Anonymous Monk has asked for the wisdom of the Perl Monks concerning the following question:

Heya. The example below creates a file named 东西.txt, which is wrong. Operating system is Win2K, file system is NTFS. Generally I have no problems with filenames in unicode. What to do?

I have found Win32 API directory searches that return wide / unicode filenames by super search, but I can't understand it enough to change it to create files.

perl -v This is perl, v5.8.7 built for MSWin32-x86-multi-thread (with 14 registered patches, see perl -V for more detail) Binary build 815 [211909] provided by ActiveState Built Nov 2 2005 08:44:52
#!perl use utf8; use strict; use diagnostics; my $name = '&#19996;&#35199;.txt'; { open my $fh, '>', $name or die "could not open file <$name> for wr +iting: $!"; binmode $fh, ':utf8'; print $fh "&#20320;&#22909;&#19990;&#30028;\n"; close $fh; };

PS: I did not use any HTML entities in my submission. The e2 software is just being "helpful". You figure out what I really wrote.

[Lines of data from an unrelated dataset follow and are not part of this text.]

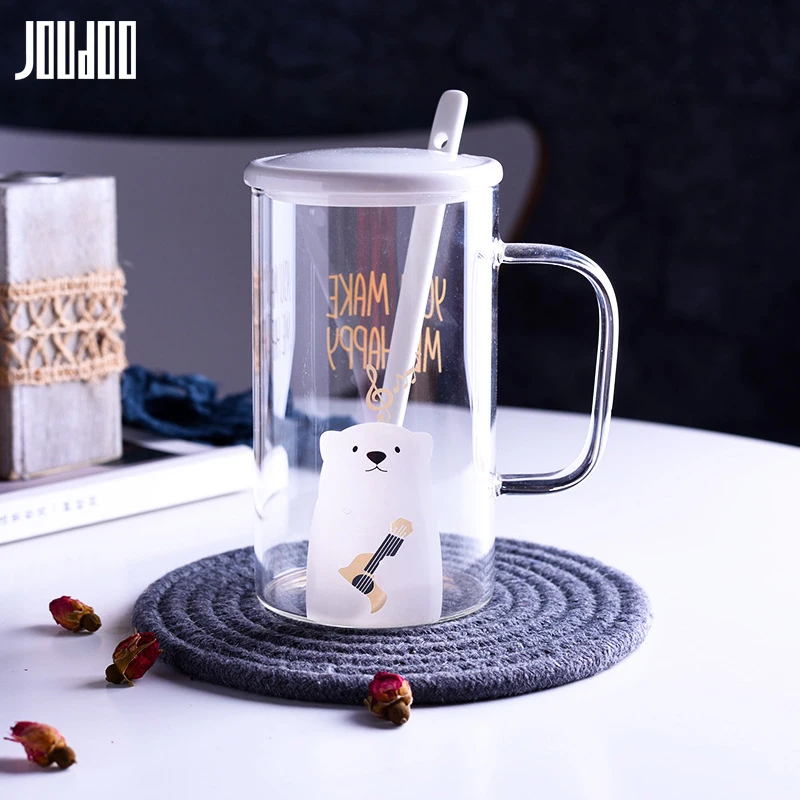 JOUDOO, стеклянная чашка с милым мультяшным медведем, термостойкая стеклянная кружка для воды с крышкой, Офисная домашняя емкость, чашка для питья 35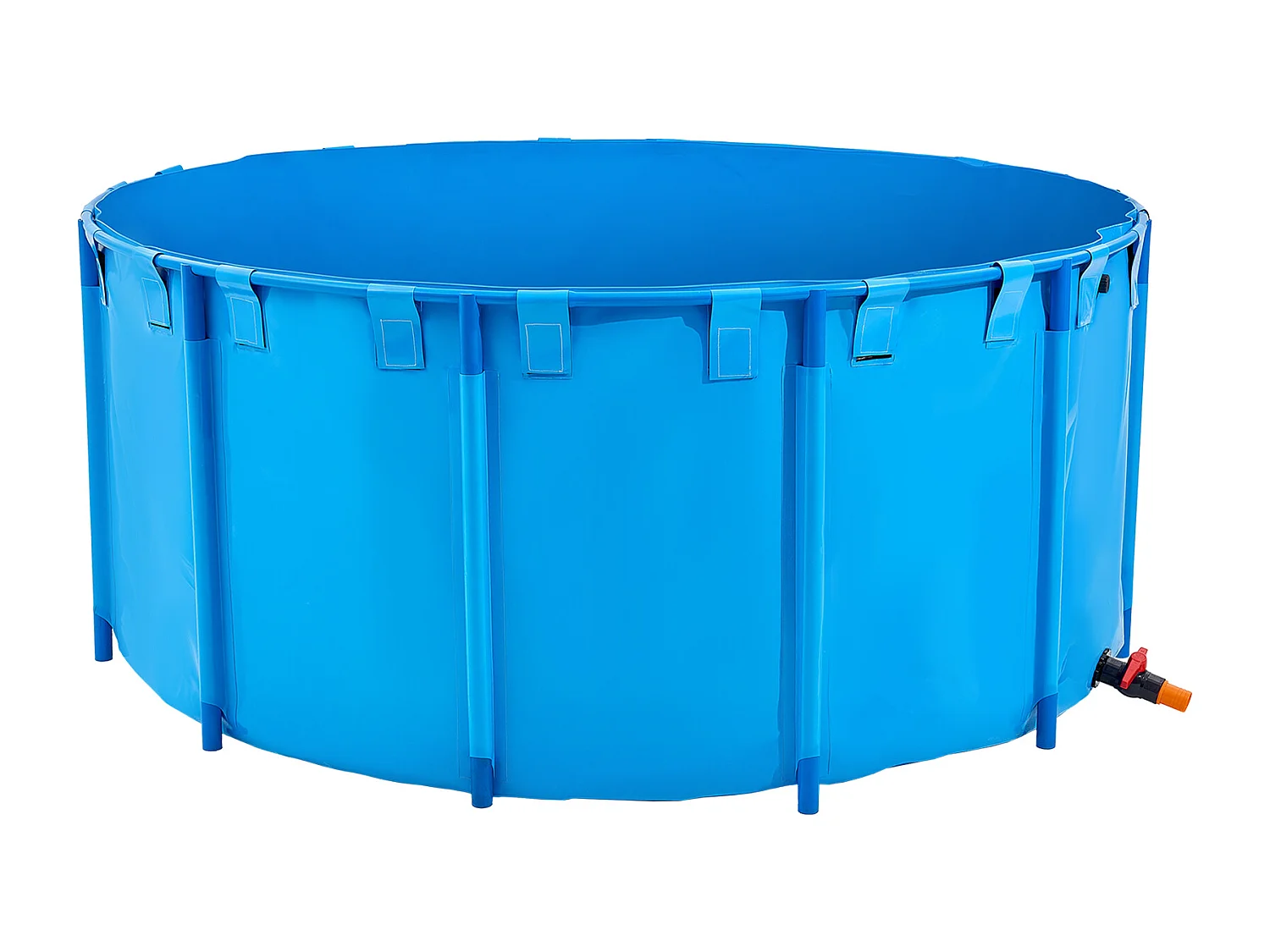 Bassin à Poissons SucceBuy en PVC de 5000 L, Aquarium Rond Pliable avec Cadre Robuste et Vanne de Vidange, Idéal pour l'Aquaculture, l'Élevage de Carpes Koï
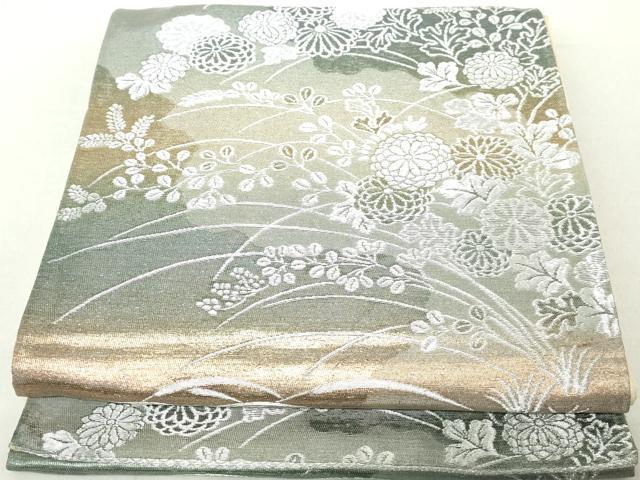 平和屋着物◎六通柄袋帯　秋草文　銀糸　正絹　逸品　DAAZ8995qa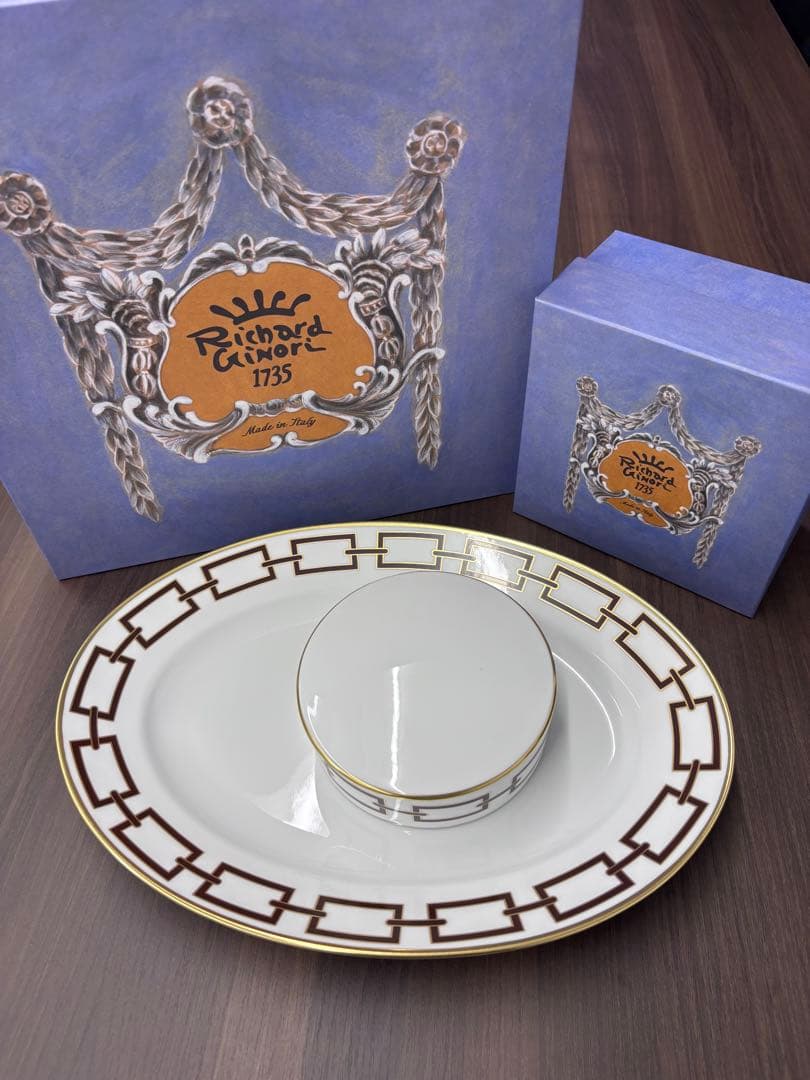【新品】リチャード・ジノリ カテーネ　オーバルプラターとラウンドボックスセット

Replies are listed 'Best First'.
Re: Unicode in filenames
by blahblahblah (Priest) on Feb 13, 2006 at 02:42 UTC
    Maybe you could encode it using a local encoding, something like this?:
    use Encode; $decodedLocalName = decode('utf8', $name); $decodedLocalName = encode('iso-8859-1', $decodedLocalName); open my $fh, '>', $decodedLocalName ...
    You said you generally have no problem with unicode filenames. Do you mean that on this same OS, similar unicode characters work in similar perl scripts, or is there something special about this case?

Re: Unicode in filenames
by BrowserUk (Patriarch) on Feb 13, 2006 at 03:40 UTC

    There used to be a command line switch -C which enabled the use of the wide character code Win32 apis within perl. For some inexplicable reason this was dropped and the switch recycled at some point.

    You can get access to most of the W postfix apis, including CreateFileW() via tye's Win32API::File. You'll also need OsFHandleOpen() to 'convert' the Native filehandle returned by CreateFile() in to a Perl filehandle before you can use the normal Perl fileIO constructs.


    Examine what is said, not who speaks -- Silence betokens consent -- Love the truth but pardon error.
    Lingua non convalesco, consenesco et abolesco. -- Rule 1 has a caveat! -- Who broke the cabal?
    "Science is about questioning the status quo. Questioning authority".
    In the absence of evidence, opinion is indistinguishable from prejudice.
      For some inexplicable reason this was dropped and the switch recycled at some point.
      perl581delta
      (Win32) The -C Switch Has Been Repurposed The -C switch has changed in an incompatible way. The old semantics of this switch only made sense in Win32 and only in the "use utf8" universe in 5.6.x releases, and do not make sense for the Unicode implementation in 5.8.0. Since this switch could not have been used by anyone, it has been repurposed. The behavior that this switch enabled in 5.6.x releases may be supported in a transparent, data-dependent fashion in a future release.